The dollar stabilized on Thursday after slipping due to cooling U.S. inflation and declining bond yields, while the yen climbed to a one-month high amid increased expectations of a rate hike in Japan.
The yen was the most notable mover against the dollar following softer-than-expected U.S. inflation data. It extended its gains in Asian trading as the possibility of Federal Reserve rate cuts aligned with speculation about a Bank of Japan hike next week.
The yen strengthened to 155.21 per dollar, its highest level since December 19, marking a 1.2% gain over the past two sessions. Recent comments from BOJ Governor Kazuo Ueda and Deputy Ryozo Himino suggested that a rate hike would be a topic of discussion at next week’s policy meeting, with markets pricing in a 78% likelihood of a 25-basis-point increase.
“The fact that they are talking about hiking just ahead of the meeting could be a way of testing the waters,” said Bart Wakabayashi, branch manager at State Street in Tokyo.
The euro remained largely steady after the U.S. inflation report, trading at $1.0283 during the Asian session. The dollar made modest gains elsewhere, with the dollar index edging up slightly to 109.18 after three consecutive days of losses.
The foreign exchange markets showed little immediate reaction to the Gaza ceasefire agreement, though the Israeli shekel reached a one-month high on Wednesday.

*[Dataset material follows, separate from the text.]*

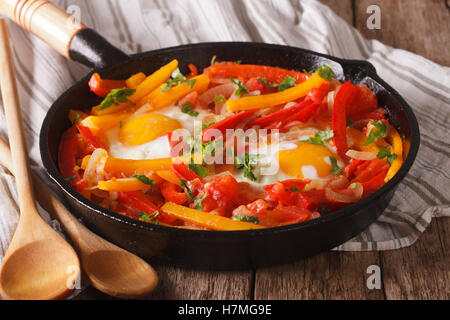 Tasty Piperade: fried eggs with peppers and tomatoes close up in a pan. horizontal Stock Photo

Core U.S. inflation rose 0.2% month-on-month in December, aligning with forecasts and down from November’s 0.3%. On an annualized basis, inflation stood at 3.2%, slightly below expectations of 3.3%. This followed a softer-than-expected inflation reading in the U.K. and remarks from a Bank of England official advocating for lower interest rates. Traders, relieved by the inflation data, drove stocks higher and pushed benchmark 10-year Treasury yields down by over 13 basis points.
Currency reactions were more muted. While the yen extended its rally, other moves began to reverse on Thursday as traders focused on strong U.S. economic indicators and potential tariff measures tied to Donald Trump’s upcoming inauguration on January 20.
“The dollar has overshot rate spreads recently,” wrote Tim Baker, macro strategist at Deutsche Bank, in a note. “But the overshoot isn’t substantial. The dollar should also price in a risk premium given the current geopolitical environment. Historically, the dollar strengthens when U.S. growth outpaces its peers, as we’re seeing now.”
China’s yuan remained near the weaker end of its trading band at 7.3316 during the Asian session, reflecting tariff-related concerns.
The New Zealand dollar hovered at $0.5602, close to Monday’s two-year low of $0.5543, while the Australian dollar showed little sustained reaction to robust employment data. Although it briefly reached a one-week high of $0.6248, it slid below $0.62 as the session progressed, staying near Monday’s five-year low of $0.6131.
Sterling dipped 0.3% to $1.2212, and smaller currencies saw little reprieve. Indonesia’s rupiah fell to a six-month low following a surprise rate cut by Bank Indonesia on Wednesday. South Korea’s won, meanwhile, showed no significant gains despite the central bank’s decision to hold rates steady at 3% on Thursday, defying expectations of a cut.